Open roflmaostc opened 1 year ago
Your measurements look really weird. Are you sure that's what was actually ran? Do it in the REPL, not a Pluto notebook:
using DiffEqGPU, OrdinaryDiffEq, StaticArrays
function lorenz(u, p, t)
σ = p[1]
ρ = p[2]
β = p[3]
du1 = σ * (u[2] - u[1])
du2 = u[1] * (ρ - u[3]) - u[2]
du3 = u[1] * u[2] - β * u[3]
return SVector{3}(du1, du2, du3)
end
u0 = @SVector [1.0f0; 0.0f0; 0.0f0]
tspan = (0.0f0, 10.0f0)
p = @SVector [10.0f0, 28.0f0, 8 / 3.0f0]
prob = ODEProblem{false}(lorenz, u0, tspan, p)
prob_func = (prob, i, repeat) -> remake(prob, p = (@SVector rand(Float32, 3)) .* p)
monteprob = EnsembleProblem(prob, prob_func = prob_func, safetycopy = false)
@time sol2 = solve(monteprob, Tsit5(), trajectories = 100_000,
adaptive = false, dt = 0.1f0)
# 9.721686 seconds (13.30 M allocations: 1.775 GiB, 17.76% gc time)
DiffEqGPU.CUDA.@time sol = solve(monteprob, GPUTsit5(), EnsembleGPUKernel(), trajectories = 10_000,
adaptive = false, dt = 0.1f0)
# 0.022129 seconds (255.12 k CPU allocations: 33.413 MiB) (3 GPU allocations: 12.604 MiB, 0.09% memmgmt time)
#=
julia> versioninfo()
Julia Version 1.9.0-beta3
Commit 24204a7344 (2023-01-18 07:20 UTC)
Platform Info:
OS: Windows (x86_64-w64-mingw32)
CPU: 32 × AMD Ryzen 9 5950X 16-Core Processor
WORD_SIZE: 64
LIBM: libopenlibm
LLVM: libLLVM-14.0.6 (ORCJIT, znver3)
Threads: 1 on 32 virtual cores
Environment:
JULIA_IMAGE_THREADS = 1
JULIA_EDITOR = code
JULIA_NUM_THREADS =
=#
with a 2080 Super.
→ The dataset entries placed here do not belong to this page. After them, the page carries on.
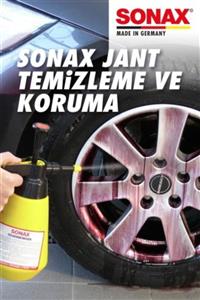 Sonax Jant Temizleme Ve Koruma Uygulama Hizmeti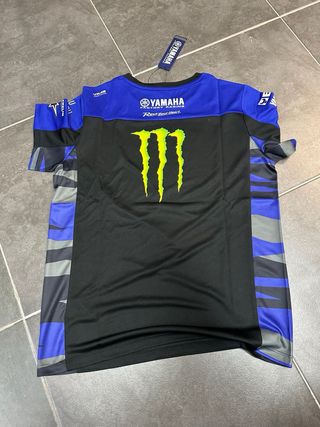 Camiseta Yamaha Racing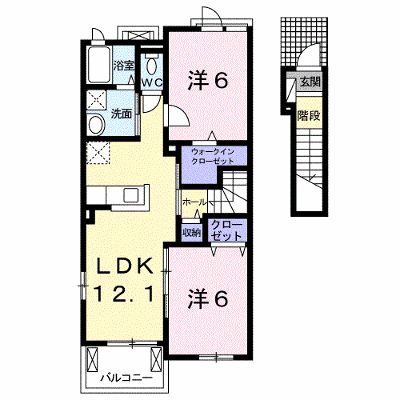 ファーストレジデンス　Ｂ 203【管理NO：1-023522802-02030】 ★家具家電は申し込み後に搬入します★ ★2026年10月下旬入居可能★の物件画像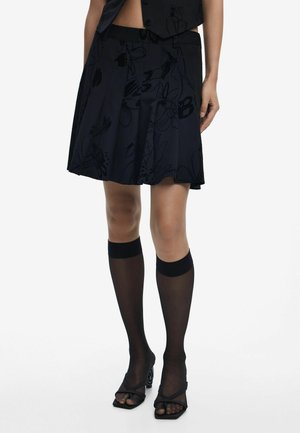 FLOCKED  - Gonna a campana - black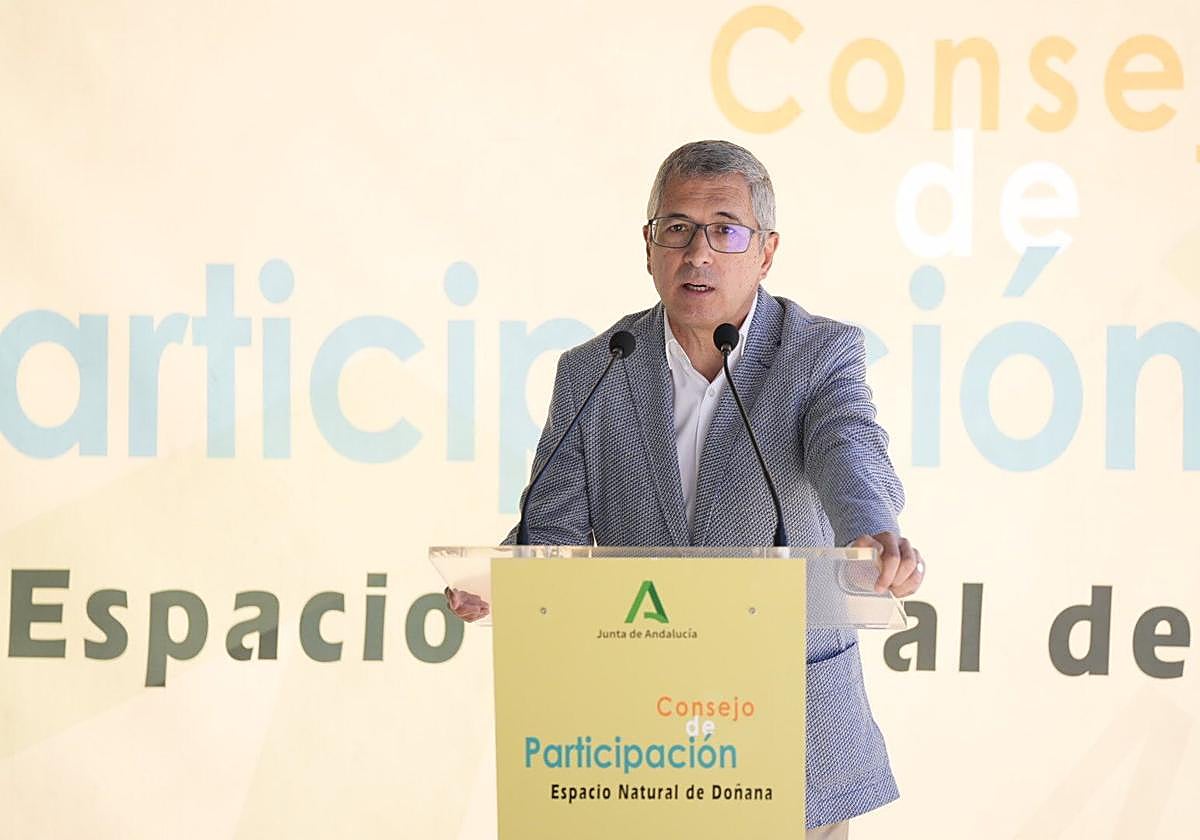 El secretario de Estado de Medio Ambiente, Hugo Morán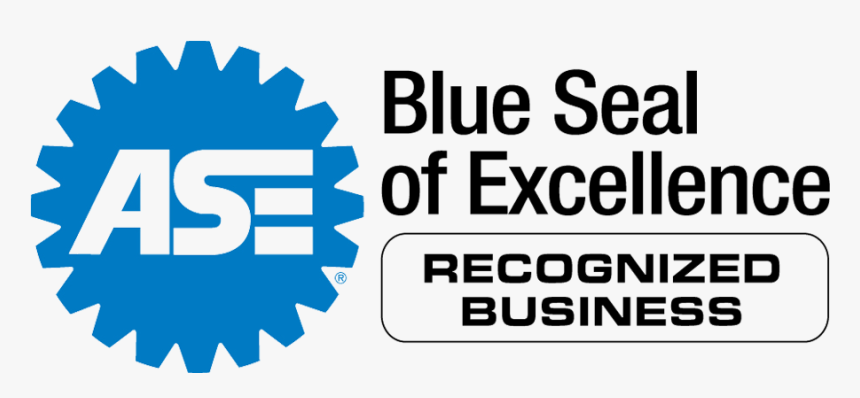 Ase Blue Seal Of Excellence Recognized Business - Ase Certified, HD Png Download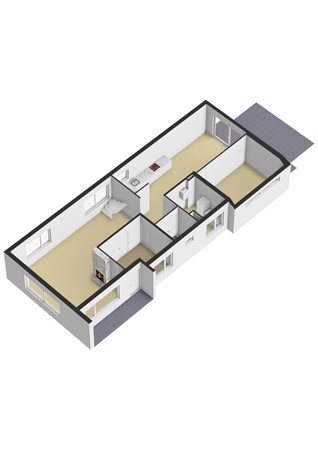 Ugchelseweg 60, 7339 CK Ugchelen - Ugchelseweg 60-Begane grond - 3D (2).jpg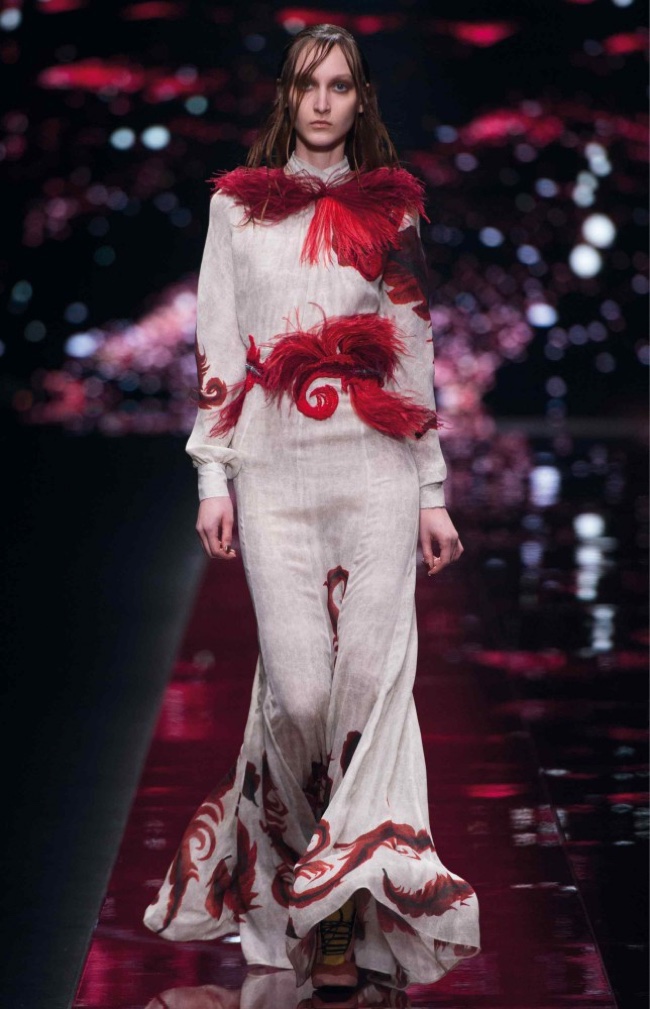 A look from Just Cavalli's winter 2015 collection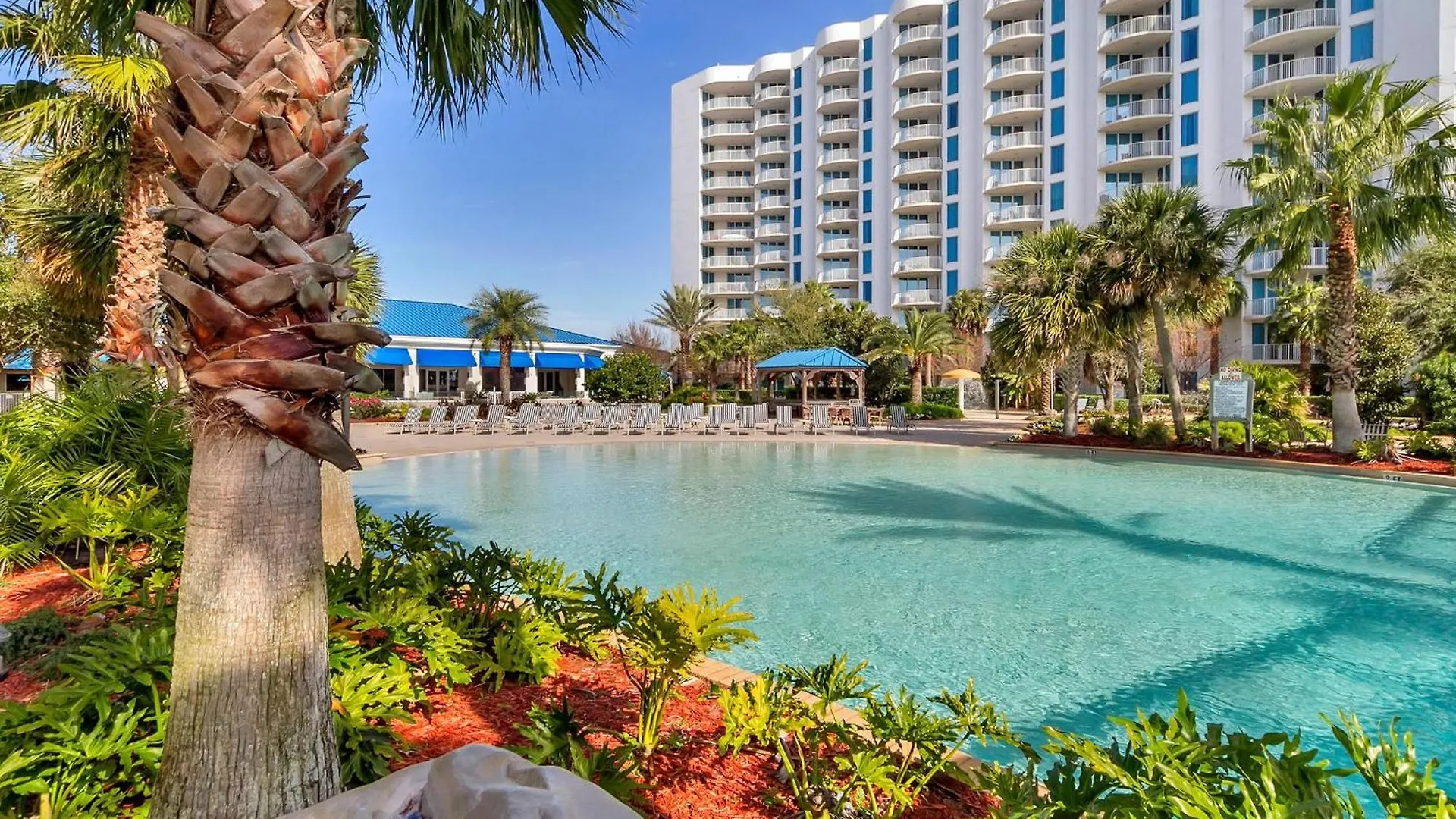 Διαμέρισμα Palms Resort #1602 Full 2 Bedroom Ντέστιν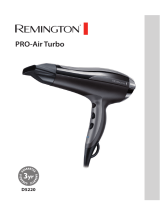 Remington D5220 Handleiding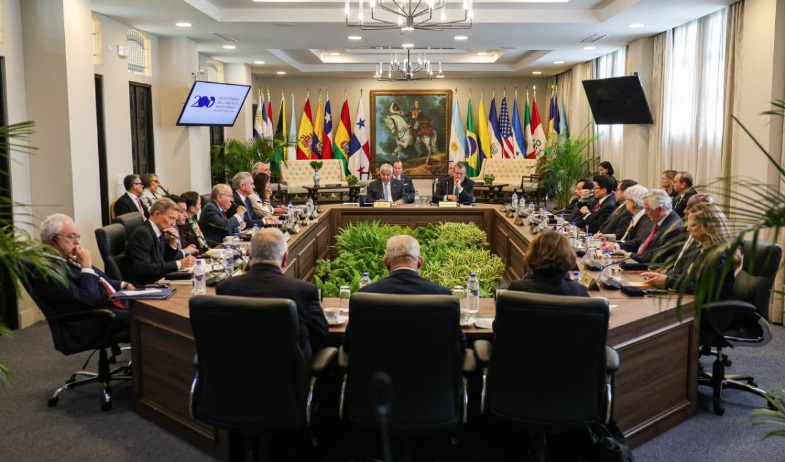Mulino hace defensa firme del multilateralismo, al celebrarse los 200 años del Congreso Anfictiónico de Panamá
How your Ryzen 9 5900 is an order of magnitude faster and your 3060 is an order of magnitude slower is... weird to say the least.
@time sol2 = solve(monteprob, Tsit5(), trajectories = 100_000, DiffEqGPU.CUDA.@time sol = solve(monteprob, GPUTsit5(), EnsembleGPUKernel(), trajectories = 10_000,
did you measure with different numbers of trajectories?
I've been using Pluto, but below my REPL results.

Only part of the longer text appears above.